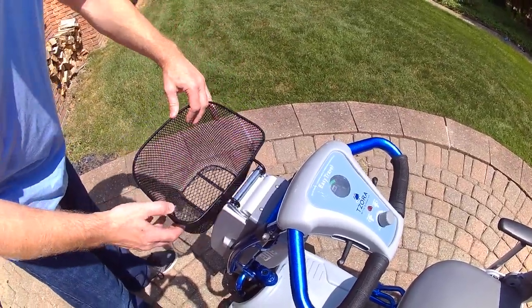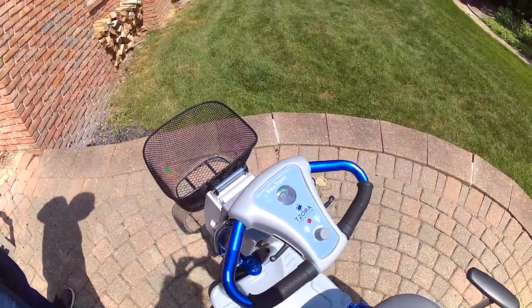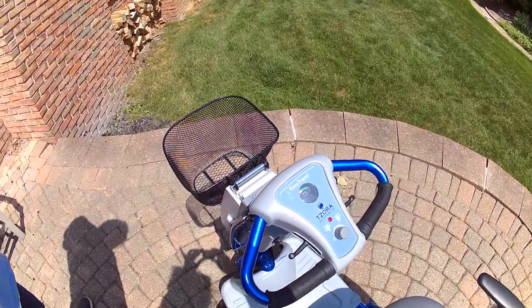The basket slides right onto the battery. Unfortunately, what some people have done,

- - -

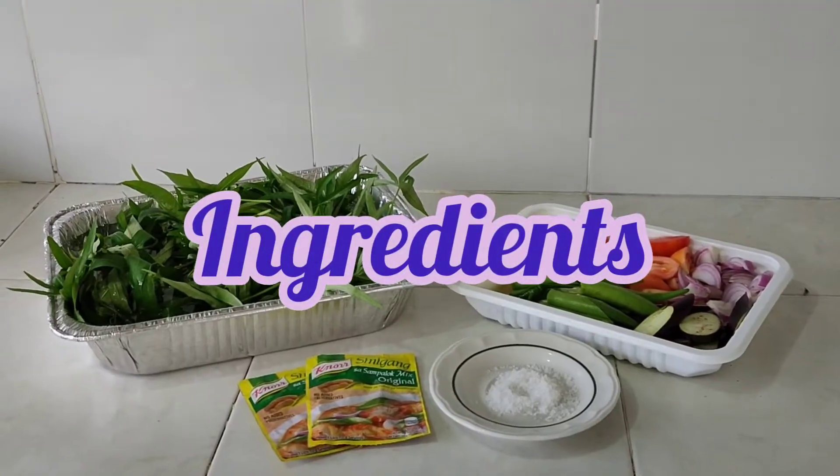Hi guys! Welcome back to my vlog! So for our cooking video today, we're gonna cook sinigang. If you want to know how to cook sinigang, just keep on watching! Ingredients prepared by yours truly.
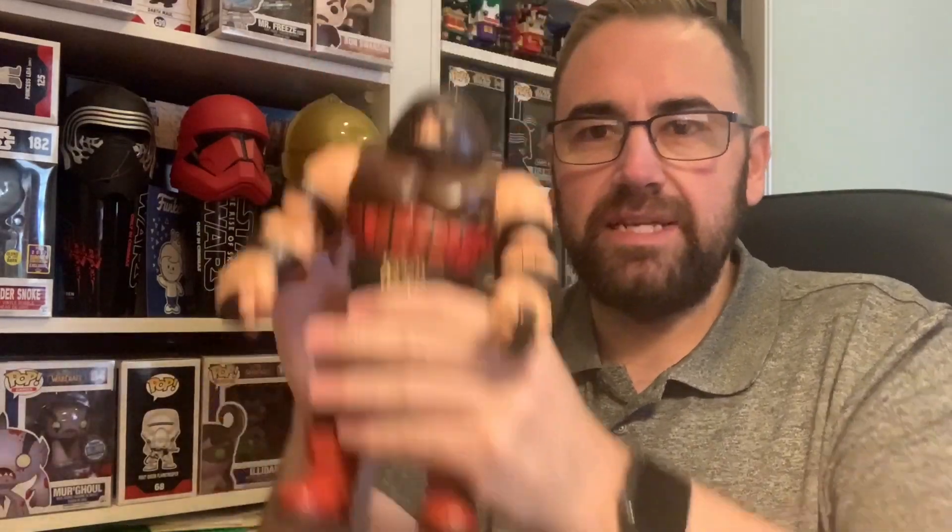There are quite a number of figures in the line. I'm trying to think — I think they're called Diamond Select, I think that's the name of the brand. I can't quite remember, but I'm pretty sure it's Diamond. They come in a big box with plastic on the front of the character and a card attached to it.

- - -

(What you have to do)
Using the entries above, repeat exactly the lines from the one with "Hi guys! Welcome" to the one with "There are quite", both included, and leave the pictures behind.

(Solution below)
Hi guys! Welcome back to my vlog! So for our cooking video today, we're gonna cook sinigang. If you want to know how to cook sinigang, just keep on watching! Ingredients prepared by yours truly.
There are quite a number of figures in the line. I'm trying to think — I think they're called Diamond Select, I think that's the name of the brand. I can't quite remember, but I'm pretty sure it's Diamond. They come in a big box with plastic on the front of the character and a card attached to it.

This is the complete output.